A massive leap - 23% - has now been pushed through by the Conservatives in a move that went unnoticed by the other political parties until it was too late for the legislation to be challenged. This rise, from £26.5 million to £32.7 million, greatly benefits the Conservative party; they are flush with funds in comparison to their main competitor, the Labour Party. 

The argument for such a rise was ostensibly that the amount had not changed since 2005 so inflation had to be taken into account. The elections watchdog the Electoral Commission , however, argued such a hefty raise was unnecessary. The Conservative party chose to ignore their recommendation.

The Coalition Agreement, made in 2010, explicitly stated they would attempt to "remove big money from politics". Despite some efforts made by Deputy Prime Minister Nick Clegg this has evidently not been the case. As recently as November 2012, Clegg was still calling for politics not to be "hollowed out by big money as has clearly happened in the United States." In the end, an extremely watered down Bill was all that could be passed with cross party consensus. The failure to make progress on such a key issue was described by the Committee chair as "deeply disappointing", and emanating from "narrow party interest."

Along with the passage of the 2014 Transparency of Lobbying Bill - also known as the gagging bill, which curtails trade union's spending power in the run up to general elections - it is evident that the Conservative party are doing all they can in order to ensure they can outspend their nearest rivals by a massive factor. As has been shown in America, this can prove decisive.

Labour must also acknowledge their fair share of the blame. They had 13 years of commanding a majority in parliament. In this time they could have easily passed a bill curtailing the excessive expenditure by political parties. Instead, they changed little - thus ensuring that they would be able to continually outspend any grassroot parties that could have sprouted and challenged their dominance of the left-wing field of British politics.
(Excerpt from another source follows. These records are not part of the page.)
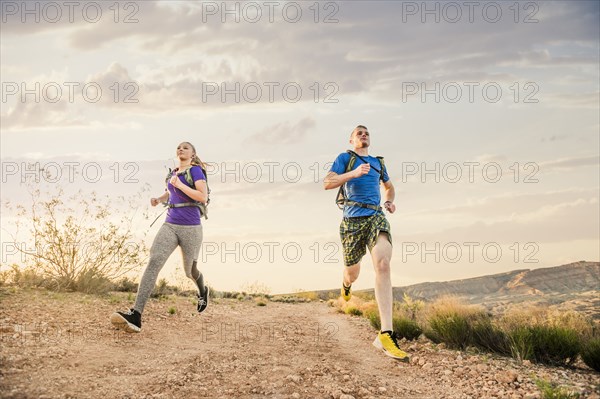 Caucasian couple running on remote hilltop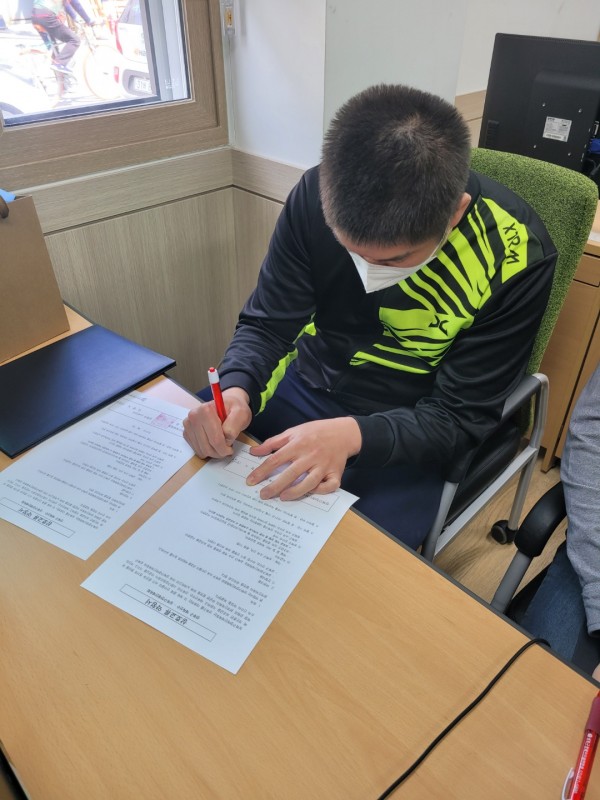 약정서(협약서)에 서명을 하고 있는 김형식 선수의 모습. 빨간색 볼펜을 들고 서명하고 있다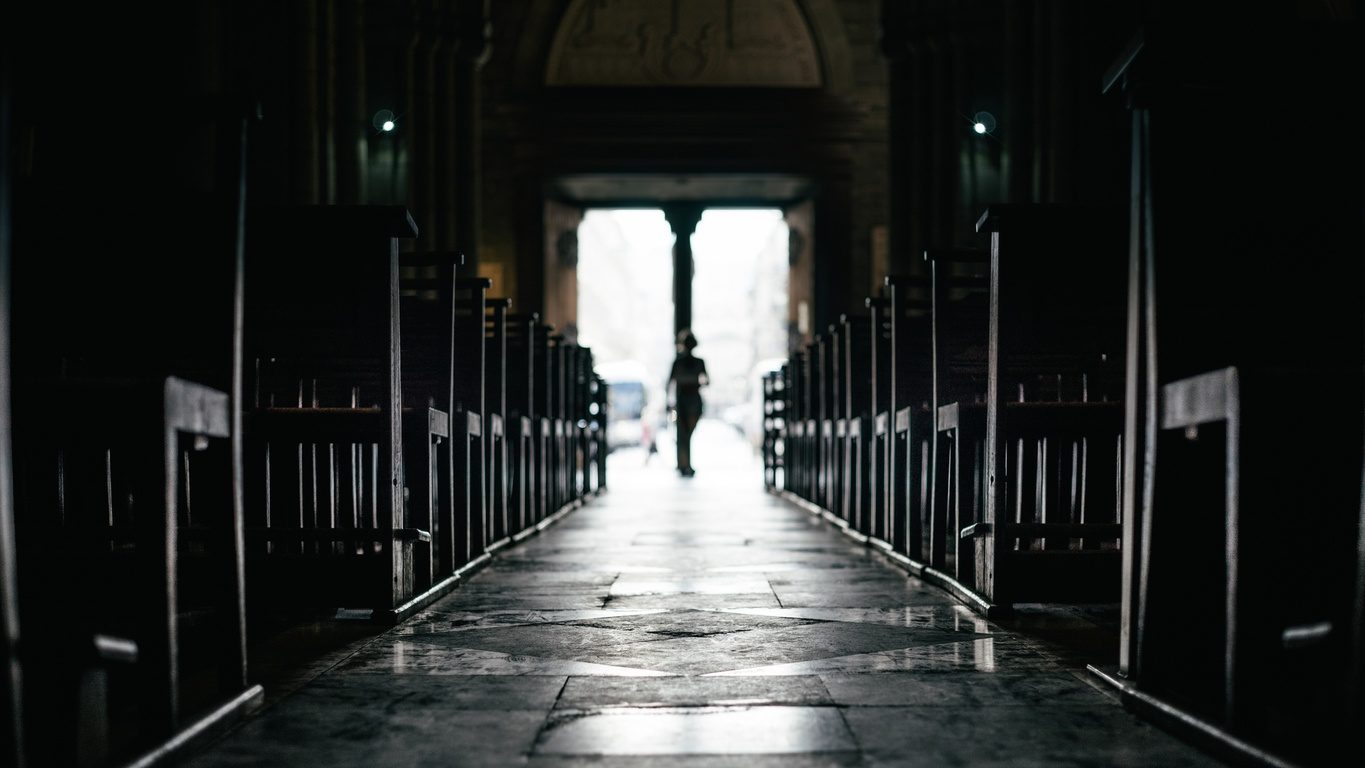 Des rangées de bancs à l'intérieur d'une église silencieuse avec des passants venant de la sortie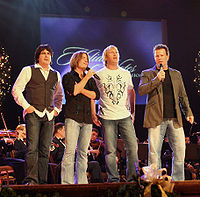 Country music band Lonestar performing at the edge of a stage.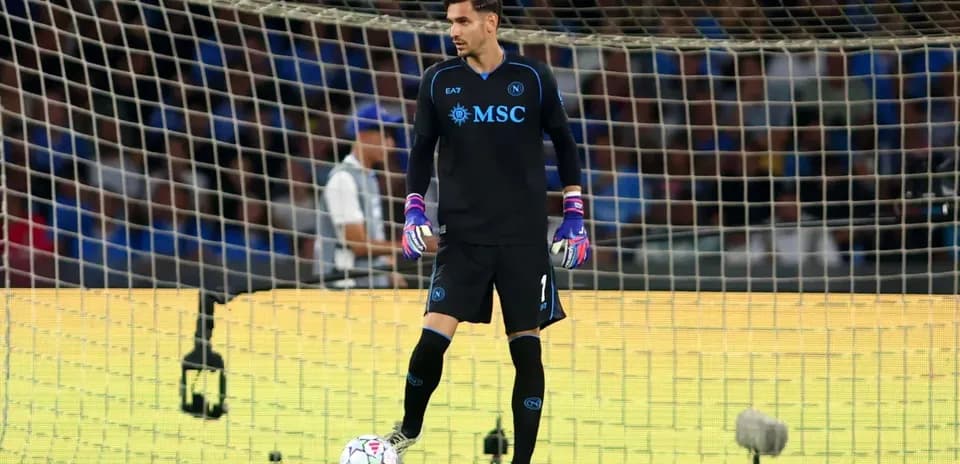 Goalkeeper in black kit preparing for play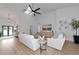 Bright living room with vaulted ceiling, modern fan, light wood floors and contemporary decor at 22803 67Th E Ave, Bradenton, FL 34211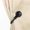 Black, variant on Central Design 4890-034 Remi Curtain Holdback Set, Antique Brass - Set of 2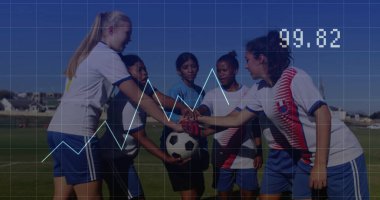 Gathering six soccer players huddling around soccer ball on soccer field, with jerseys and cleats. Athletes, teamwork, outdoor, sport, active, fitness, competition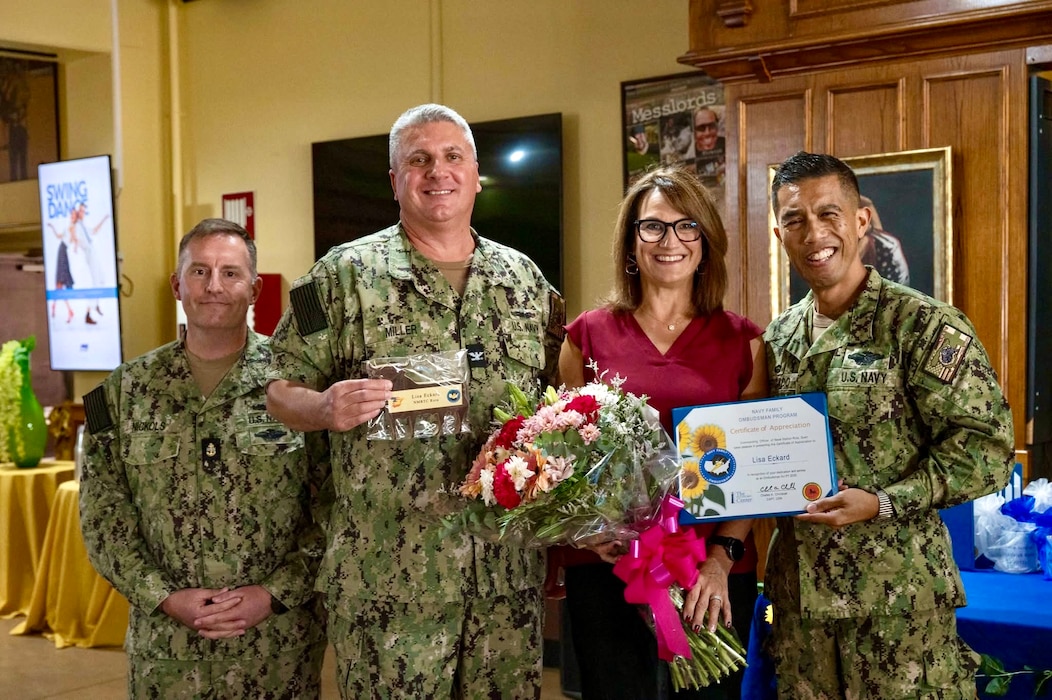 250905-N-FT324-8034. ROTA, Spain (September 5, 2025). Naval Medical Readiness and Training Command (NMRTC) Rota Ombudsman, Ms. Lisa Eckard (right) was presented with a token of gratitude for her dedicated service, in honor of Ombudsman Appreciation Month, by NMRTC Rota Commanding Officer, Capt. Michael Mercado, September 5, 2025. Ombudsmen serve as vital links between commands and families, providing communication, support, and guidance to ensure Sailors’ loved ones are cared for. (U.S. Navy photo by Mass Communication Specialist 1st Class Drace Wilson)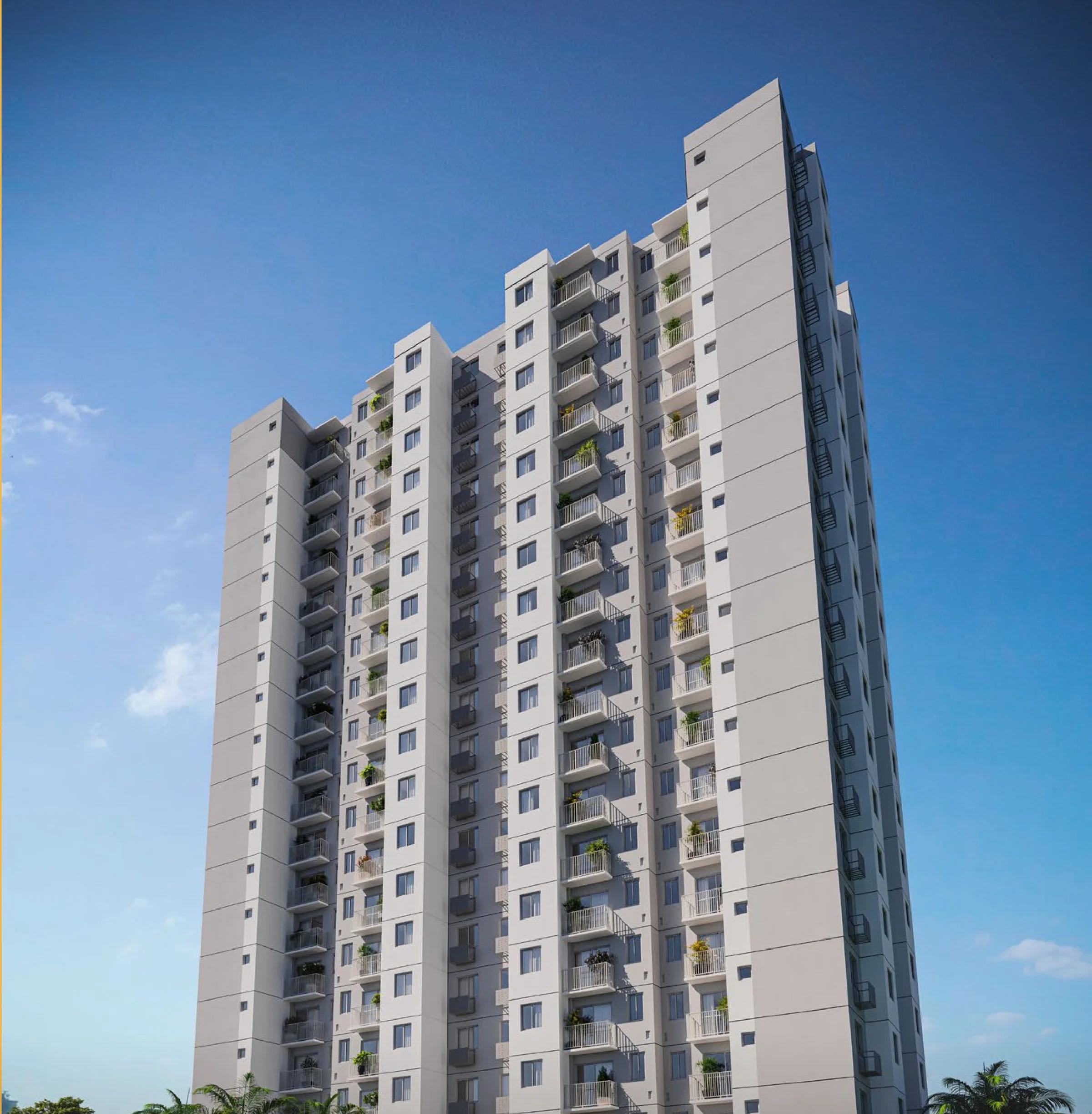 Perspectiva da fachada da torre residencial em ângulo vertical contra céu azul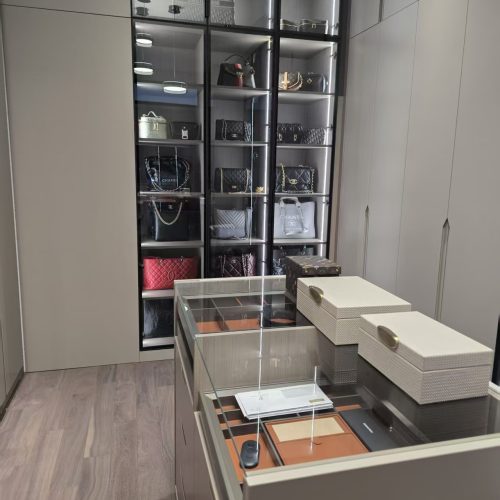 Singapore full house custom boutique wardrobe with central accessory island and LED display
There was an obvious pretext behind the dramatic rise of campaign funds now available for political parties to use. The Conservative party will outspend their main rivals, Labour, three-to-one in the upcoming general election. They do tend to spend more - their spend was almost double Labour's in the last election - but the change in law will set them far beyond even previous campaign efforts.

Due to the nature of Policy Development Grants in the UK, the amount of money allocated will always favour larger political parties. To qualify at all, parties must already have sitting members in the House of Commons. Then, the more votes they receive, the more money they get. The result of such a system is that start up parties are greatly disadvantaged. This has contributed greatly to the homogenised make-up of the parliament the UK has experienced for decades. Such a system does nothing to break the two party monopoly at the heart of British politics. 

Hedge funds have accounted for over a quarter of the money the Conservative party has raised in the past four years. Such funds are run by a relatively tiny number of people; their money, though, seems to buy them special favours. The 2013 budget benefited these organisations by £145 million by abolishing stamp duty reserve tax on funds.

The campaign group Unlock Democracy have proposed a number of solutions to the problems of centralisation and the ever increasing powers of single large donors. The most notable of these are capping donations at a strict level so one group cannot have undue influence on a political party; also, providing a lowering of funding thresholds so that smaller parties receive grants easier and can compete on a more level playing field.

The issue has now been kicked into the long grass and will not be touched upon until after this year's general election. To avoid slipping further into a parliamentary system where the wealthy elite have privileged access to government and can dictate policy, reform is an absolute necessity. Trust in the current parliamentary system cannot begin to be restored until steps are taken to stop corporations and wealthy individuals wielding undue power.